(Web page caption snippets)
::::::::::
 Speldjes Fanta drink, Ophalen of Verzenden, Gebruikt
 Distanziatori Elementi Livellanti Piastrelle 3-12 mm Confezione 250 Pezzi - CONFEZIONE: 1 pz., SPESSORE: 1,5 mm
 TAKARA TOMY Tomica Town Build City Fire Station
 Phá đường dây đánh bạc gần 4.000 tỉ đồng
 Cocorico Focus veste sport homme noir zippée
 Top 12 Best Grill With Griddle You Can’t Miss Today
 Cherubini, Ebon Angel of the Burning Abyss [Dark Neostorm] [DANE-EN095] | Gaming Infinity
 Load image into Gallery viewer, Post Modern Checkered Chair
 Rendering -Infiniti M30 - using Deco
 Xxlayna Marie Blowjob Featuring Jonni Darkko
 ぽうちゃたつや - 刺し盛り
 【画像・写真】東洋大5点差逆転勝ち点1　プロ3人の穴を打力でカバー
::::::::::
» **What to produce**
Line by line, retype the data exactly as written.

» **Output of the task**
 Speldjes Fanta drink, Ophalen of Verzenden, Gebruikt
 Distanziatori Elementi Livellanti Piastrelle 3-12 mm Confezione 250 Pezzi - CONFEZIONE: 1 pz., SPESSORE: 1,5 mm
 TAKARA TOMY Tomica Town Build City Fire Station
 Phá đường dây đánh bạc gần 4.000 tỉ đồng
 Cocorico Focus veste sport homme noir zippée
 Top 12 Best Grill With Griddle You Can’t Miss Today
 Cherubini, Ebon Angel of the Burning Abyss [Dark Neostorm] [DANE-EN095] | Gaming Infinity
 Load image into Gallery viewer, Post Modern Checkered Chair
 Rendering -Infiniti M30 - using Deco
 Xxlayna Marie Blowjob Featuring Jonni Darkko
 ぽうちゃたつや - 刺し盛り
 【画像・写真】東洋大5点差逆転勝ち点1　プロ3人の穴を打力でカバー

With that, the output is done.